While it sounds like a complex project, Wintershall believes 50% of capex was reduced by going forward with this concept. “We think it is a way forward and could be used by other players in the industry when you have discoveries in mature areas,” Dickhausen says. Indeed, Wintershall has said a similar system is under consideration for its Skarfjell development in the Norwegian North Sea.

One issue could be availability of gas for gas lift and water for pressure support from the different hosts. But, Dickhausen doesn’t think this is a big risk. “It carries more complexity, but you can rank (the risk) down because we can live without water injection, for months, without negative effects,” he says.
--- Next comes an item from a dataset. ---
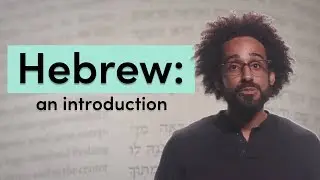 A Brief History of Modern Hebrew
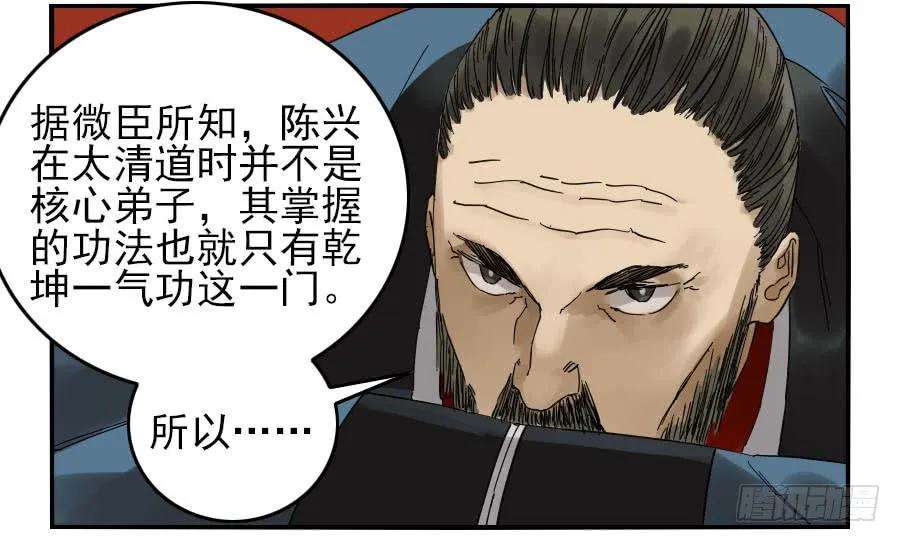 传武六十七条：灾后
“For gas lift, that needs to be running and processing needs to be running,” Dickhausen says. “We have studied a lot and expected uptime of these systems and we came to the conclusion we expect good uptime. There is a risk but we think it is controllable.”

That the host facilities will support Maria through its life is also a question. But, Dickhausen says that they are not coming to the end of their life anytime soon. “Kristin and Åsgard are planned to run for a long time still,” he says. “It’s more about sharing the costs. Closer to the end I’m sure we will need to evaluate how long we need to keep going until limited by operational costs but then again there could be other discoveries. There are still exploration opportunities around.”

While significant savings have been made, Wintershall is still working on ways to reduce costs further, such as looking at how to reduce costs on rock dumping.

Production well drilling, with horizontal wells, using the Deepsea Stavanger semisubmersible drilling rig will start next year. The Deepsea Stavanger dual derrick sixth generation unit will drill six wells, three on each template, on the Maria field starting from April 2017. Start-up is planned for 2018, three years from after the plan for development and operation was submitted.